The crust is sturdy but nice and thin throughout. It's slightly crunchy, puffy, and beautifully chewy with a slightly salty and sour taste. The middle of the pizza is soft and tender, but not wet and soggy. As nice as the crust was, it really let the beautiful fresh flavours of the minimal toppings shine. The tomato sauce tasted as vibrant and fresh as it looked, the cheese was light and savoury and salty, and the roasted garlic chunks and salty delicious anchovies were like little flavour bombs.
The pizzas are served with rosemary infused olive oil and chili infused olive oil. The chili oil was nice with a ever-so-slight spice that gave a subtle kick to the plain crust and the rosemary oil had an awesome scent, rich flavour and fresh taste. I wish the chili oil was spicier, because I love spicy dips, but it was nice to have some condiments and dipping sauces available.

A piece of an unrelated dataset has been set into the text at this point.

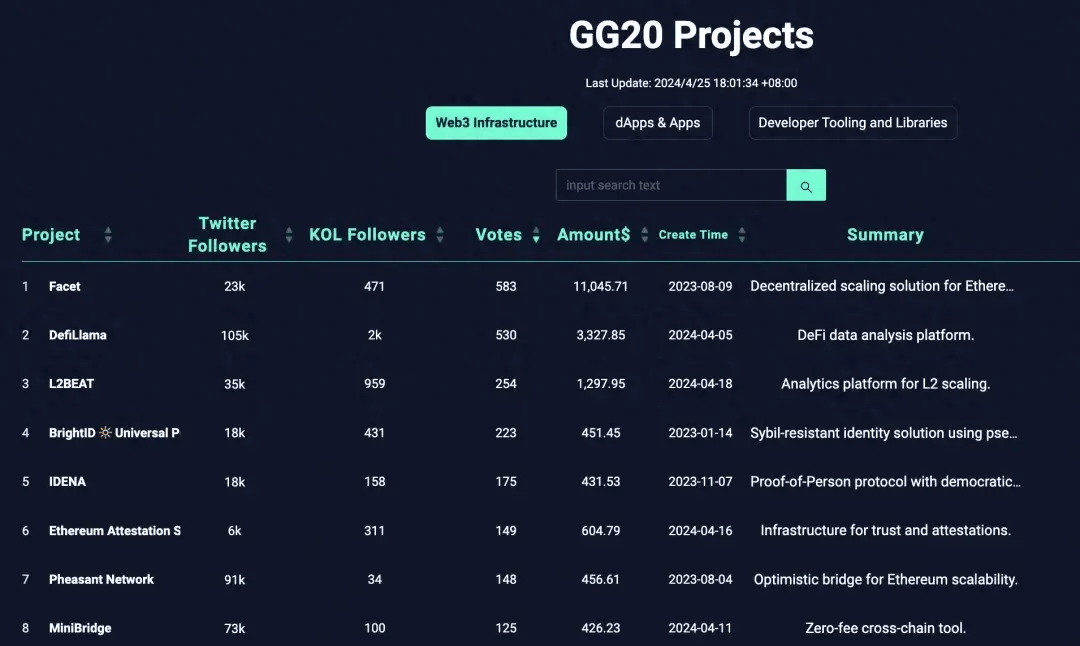 Gitcoin Grants 20 轮极简攻略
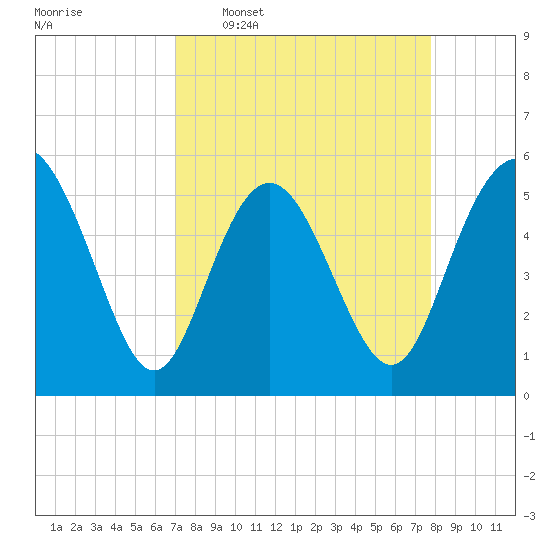 Otter Island tide chart for Monday, April 6, 2026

Throughout the meal, the service was wonderful. The host/ Maitre D did a fantastic job welcoming us and made the short wait a complete non-issue. Staff was attentive and quick to answer any questions. The staff was all extremely knowledgable and enthusiastic about the restaurant and the food itself. We weren't rushed and once we ordered, the wait time until our pizza arrived was very brief.
We had a really nice dining experience at Nicli and I highly recommend this as a perfect place to get some amazing pizza.